The parallel coordinate plot displays multiple y-axes, and shows the observations across several dimensions as ploi-lines. This function work well with both numeric and categorical variables at the same time after proper scaling.

stat_pcp(
  mapping = NULL,
  data = NULL,
  geom = "segment",
  position = "identity",
  ...,
  freespace = 0.1,
  method = "uniminmax",
  boxwidth = 0,
  rugwidth = 0,
  interwidth = 1,
  resort = NULL,
  overplot = "hierarchical",
  reverse = FALSE,
  na.rm = FALSE,
  show.legend = NA,
  inherit.aes = TRUE
)

StatPcp

Arguments

mapping

Set of aesthetic mappings created by [aes()] or [aes_()]. If specified and `inherit.aes = TRUE` (the default), it is combined with the default mapping at the top level of the plot. You must supply `mapping` if there is no plot mapping.

data

The data to be displayed in this layer. There are three options:

If `NULL`, the default, the data is inherited from the plot data as specified in the call to [ggplot()].

A `data.frame`, or other object, will override the plot data. All objects will be fortified to produce a data frame. See [fortify()] for which variables will be created.

A `function` will be called with a single argument, the plot data. The return value must be a `data.frame`, and will be used as the layer data.

geom

The geometric object to use display the data

position

Position adjustment, either as a string, or the result of a call to a position adjustment function.

...

Other arguments passed on to [layer()]. These are often aesthetics, used to set an aesthetic to a fixed value, like `colour = "red"` or `size = 3`. They may also be parameters to the paired geom/stat.

freespace

A number in 0 to 1 (excluded). The total gap space among levels within each factor variable

method

string specifying the method that should be used for scaling the values in a parallel coordinate plot (see Details).

boxwidth

A number or a numeric vector (length equal to the number of factor variables) for the widths of the boxes for each factor variable

rugwidth

A number or a numeric vector (length equal to the number of numeric variables) for the widths of the rugs for numeric variable

interwidth

A number or a numeric vector (length equal to the number of variables minus 1) for the width for the lines between every neighboring variables, either a scalar or a vector.

resort

A integer or a integer vector to indicate the positions of vertical axes inside (can't be the boundary of) a sequence of factors. To break three or more factors into sub factor blocks, and conduct resort at the axes. Makes the plot clearer for adjacent factor variables.

overplot

methods used to conduct overplotting when overplotting becomes an issue.

reverse

reverse the plot, useful especially when you want to reverse the structure in factor blocks, i.e. to become more ordered from right to left

na.rm

If `FALSE`, the default, missing values are removed with a warning. If `TRUE`, missing values are silently removed.

show.legend

logical. Should this layer be included in the legends? `NA`, the default, includes if any aesthetics are mapped. `FALSE` never includes, and `TRUE` always includes. It can also be a named logical vector to finely select the aesthetics to display.

inherit.aes

If `FALSE`, overrides the default aesthetics, rather than combining with them. This is most useful for helper functions that define both data and aesthetics and shouldn't inherit behaviour from the default plot specification, e.g. [borders()].

Format

An object of class StatPcp (inherits from Stat, ggproto, gg) of length 6.

Details

method is a character string that denotes how to scale the variables in the parallel coordinate plot. Options are named in the same way as the options in `ggparcoord` (GGally):

  • raw: raw data used, no scaling will be done.

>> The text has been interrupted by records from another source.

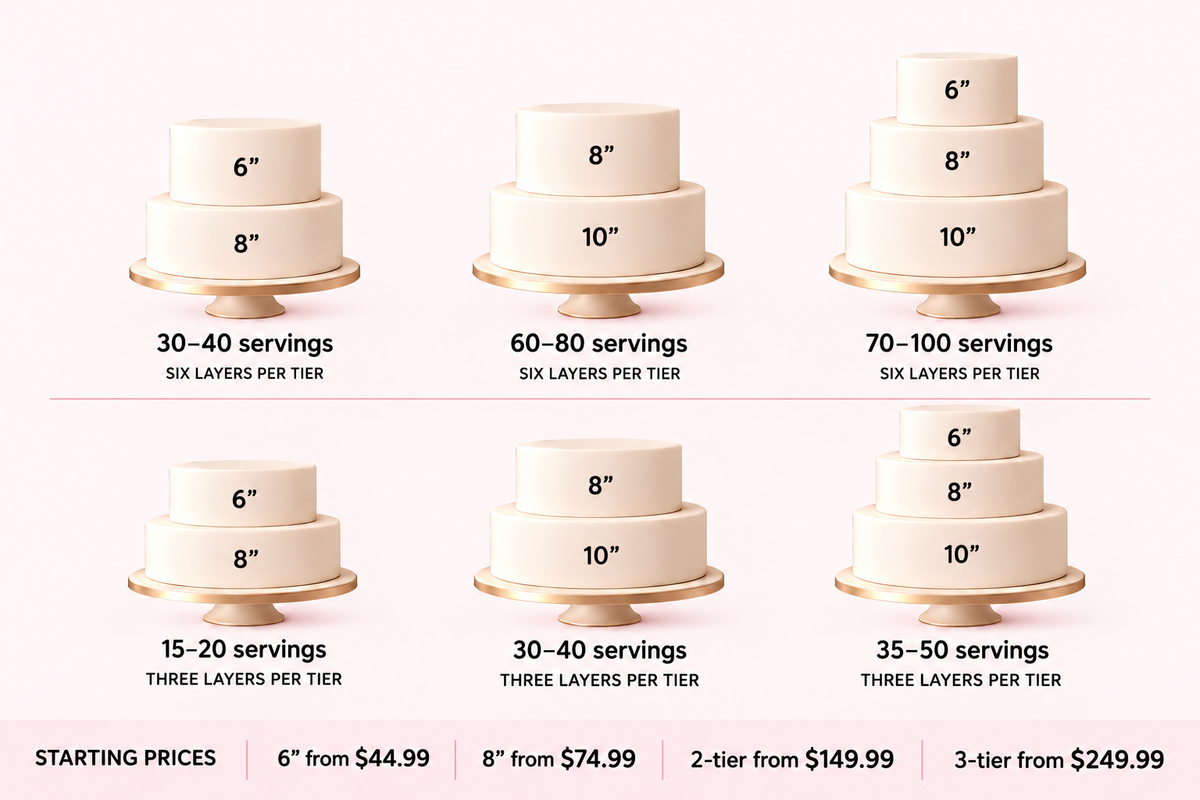 Custom cakes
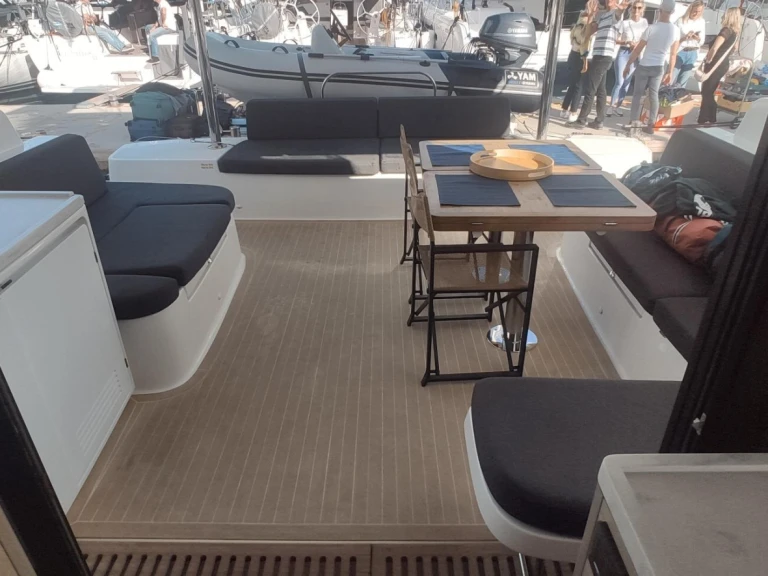 YachtCharter in Toúrlos - Lagoon Lagoon 51 auf SamBoat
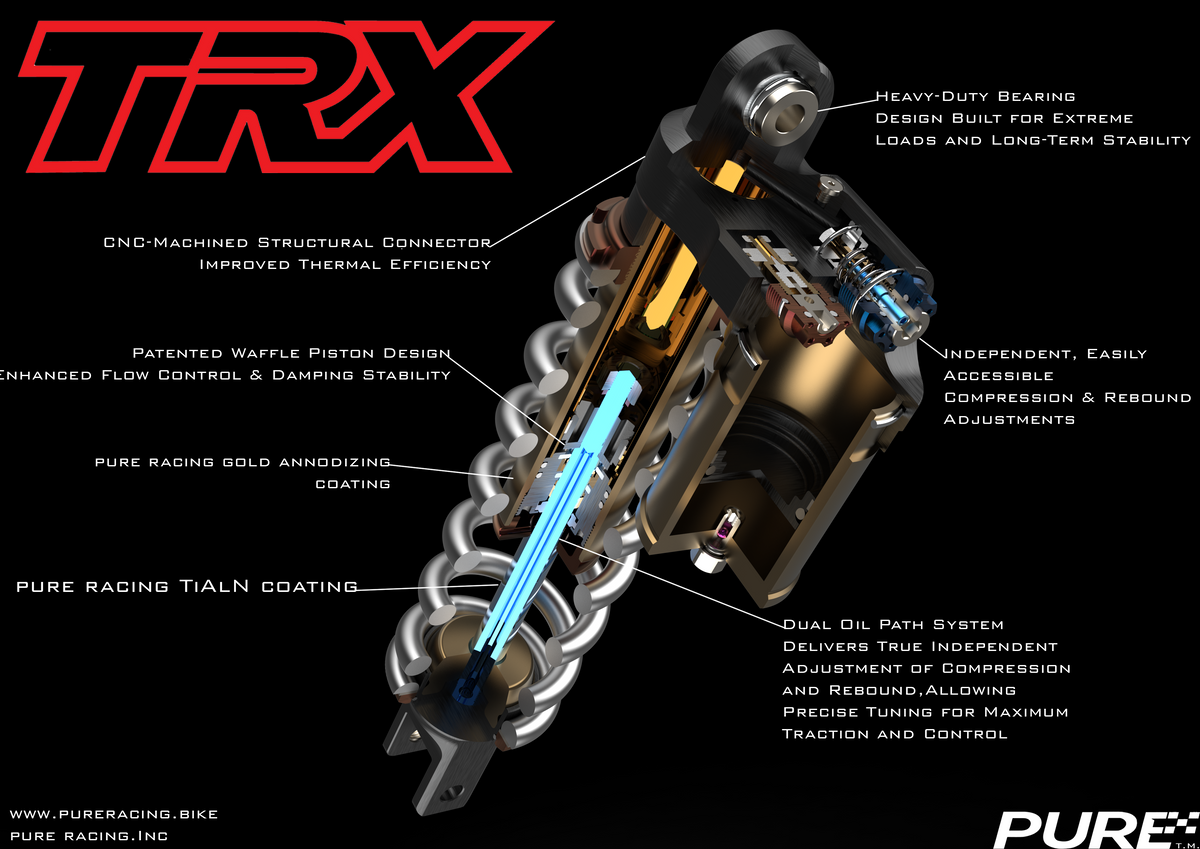TRX Ultra Bee Shocks – PURE RACING
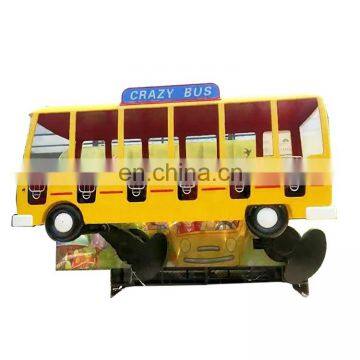 Manege Amusement Park Games Miami Crazy Bus Ride for Sale photo-3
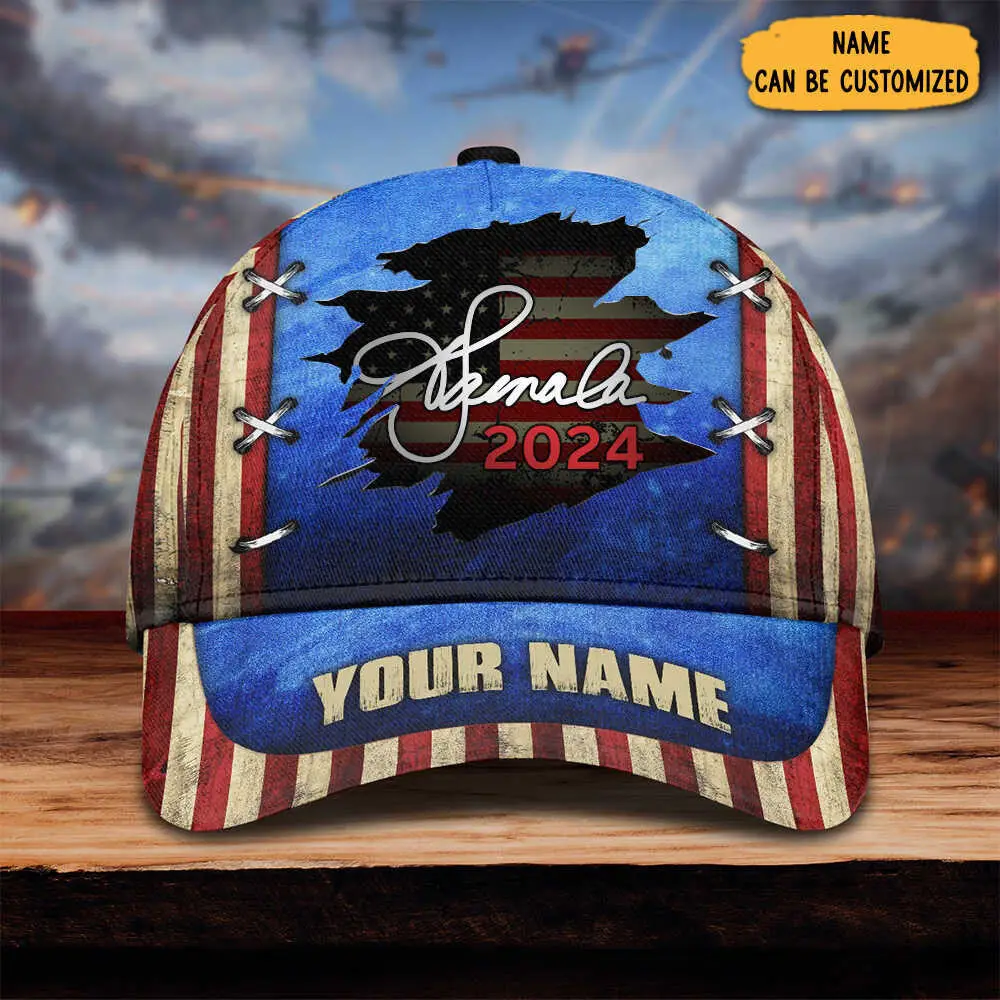 Custom Kamala 2024 Hat I Stand With Harris Hat Gifts For Supporters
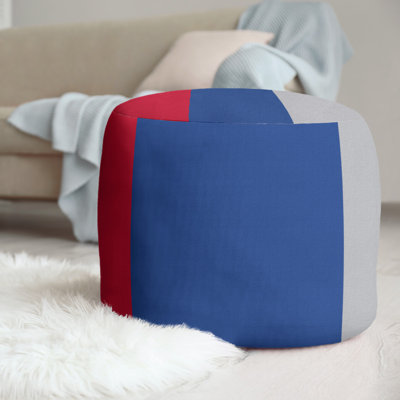 Upholstered Pouf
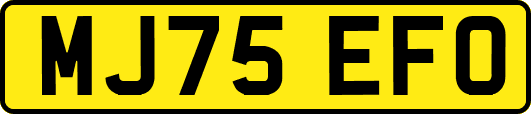 MJ75EFO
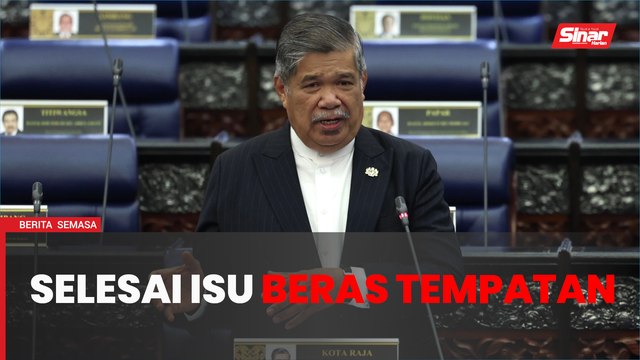 Skim baharu penstrukturan beras, padi negara akan diumum - Menteri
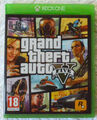 XBOX ONE Spiel | GTA GRAND THEFT AUTO V 5 Five mit großer MAP/KARTE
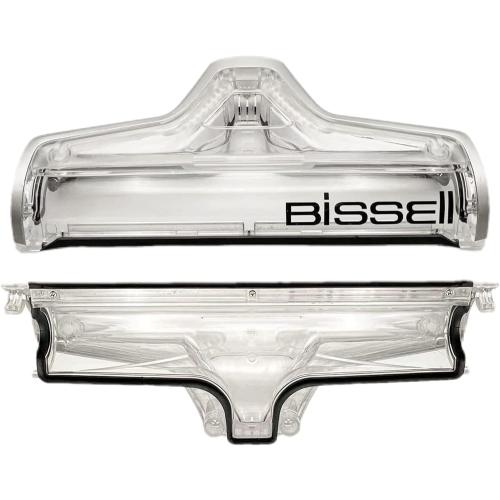 Clear 1614244 Foot Window Replacement for Bissell Crosswave Pet Pro Dry/Vac Vacuums Fits Models: 2328, 2305, 2305K, 2303, 2306A, 2306, 23062, 23068, 2551 Series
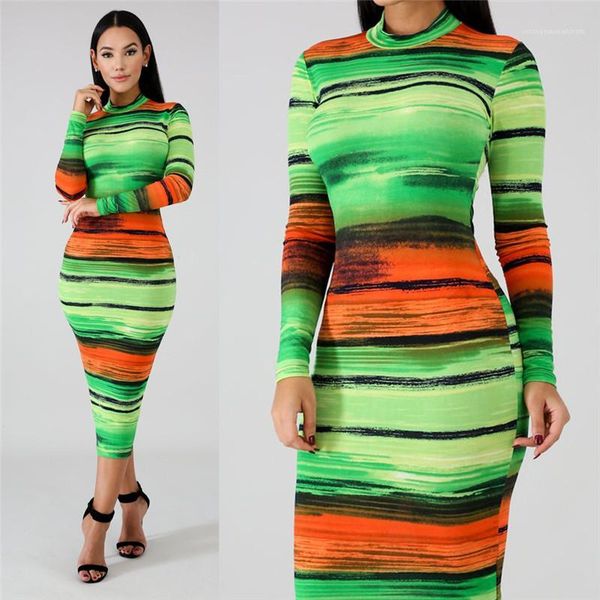 designer dresses fashion gradient stripes print dress crew neck bodycon dresses womens casual dresses women autumn winter, Black;gray
designer dresses fashion gradient stripes print dress crew neck bodycon dresses womens casual dresses women autumn winter, Black;gray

  • std: univariately, subtract mean and divide by standard deviation. To get values into a [0,1] interval we use a linear transformation of f(y) = y/4+0.5.

  • robust: univariately, subtract median and divide by median absolute deviation. To get values into a [0,1] interval we use a linear transformation of f(y) = y/4+0.5.

  • uniminmax: univariately, scale so the minimum of the variable is zero, and the maximum is one.

  • globalminmax: gobal scaling; the global maximum is mapped to 1, global minimum across the variables is mapped to 0.

overplot is a character string that denotes how to conduct overplotting in the parallel coordinate plot. The lines from geom_pcp() are drawn according to the order they shown in your data set in default. Note that this argument provides a framework, the order in the original data still has a role in overplotting, especially for lines outside factor blocks(for hierarchical only), plots with resort turned on(for methods except hierarchical):

  • original: use the original order, first shown first drawn.

  • hierarchical: hierarchically drawn according to the combinations of levels of factor variables, which will change according to different level structures of factor variables you provided. This was done separately for each factor block. The right most factor variables have the largest weight across a sequence of factor variables, the last level of a factor variable has the largest weight within a factor variable. Groups of lines with larger weight will be drawn on top. Lines outside of factor blocks still use the original order, which is different from other methods.

  • smallfirst: smaller groups of lines are drawn first, placing large groups of lines on top.

  • largefirst: larger groups of lines are drawn first, placing small groups of lines on top.